## Data excerpts
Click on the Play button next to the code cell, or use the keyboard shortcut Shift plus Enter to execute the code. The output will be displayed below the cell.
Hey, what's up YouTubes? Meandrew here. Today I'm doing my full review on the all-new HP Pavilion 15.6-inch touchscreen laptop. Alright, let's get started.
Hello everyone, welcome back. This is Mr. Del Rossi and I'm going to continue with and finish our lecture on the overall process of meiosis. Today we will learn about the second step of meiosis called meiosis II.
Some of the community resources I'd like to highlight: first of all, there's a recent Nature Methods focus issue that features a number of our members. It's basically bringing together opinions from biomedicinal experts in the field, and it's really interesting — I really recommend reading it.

...

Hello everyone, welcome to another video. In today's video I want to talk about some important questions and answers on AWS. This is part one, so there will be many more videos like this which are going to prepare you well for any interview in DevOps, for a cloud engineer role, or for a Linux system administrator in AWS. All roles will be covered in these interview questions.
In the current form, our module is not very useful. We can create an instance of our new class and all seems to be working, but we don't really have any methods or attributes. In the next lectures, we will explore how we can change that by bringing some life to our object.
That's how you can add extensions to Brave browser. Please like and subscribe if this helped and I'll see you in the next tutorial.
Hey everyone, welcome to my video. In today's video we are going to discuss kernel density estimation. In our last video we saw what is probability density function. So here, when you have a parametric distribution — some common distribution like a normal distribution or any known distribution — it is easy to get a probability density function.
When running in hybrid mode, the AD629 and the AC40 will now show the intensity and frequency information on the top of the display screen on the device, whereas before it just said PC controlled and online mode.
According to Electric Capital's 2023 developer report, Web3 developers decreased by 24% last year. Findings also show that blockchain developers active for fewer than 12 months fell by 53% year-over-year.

## Exercise requirements
From the records above, extract exactly and only the lines that begin at the line with "Click on the" and stop after the line with "Some of the".

## Answer below
Click on the Play button next to the code cell, or use the keyboard shortcut Shift plus Enter to execute the code. The output will be displayed below the cell.
Hey, what's up YouTubes? Meandrew here. Today I'm doing my full review on the all-new HP Pavilion 15.6-inch touchscreen laptop. Alright, let's get started.
Hello everyone, welcome back. This is Mr. Del Rossi and I'm going to continue with and finish our lecture on the overall process of meiosis. Today we will learn about the second step of meiosis called meiosis II.
Some of the community resources I'd like to highlight: first of all, there's a recent Nature Methods focus issue that features a number of our members. It's basically bringing together opinions from biomedicinal experts in the field, and it's really interesting — I really recommend reading it.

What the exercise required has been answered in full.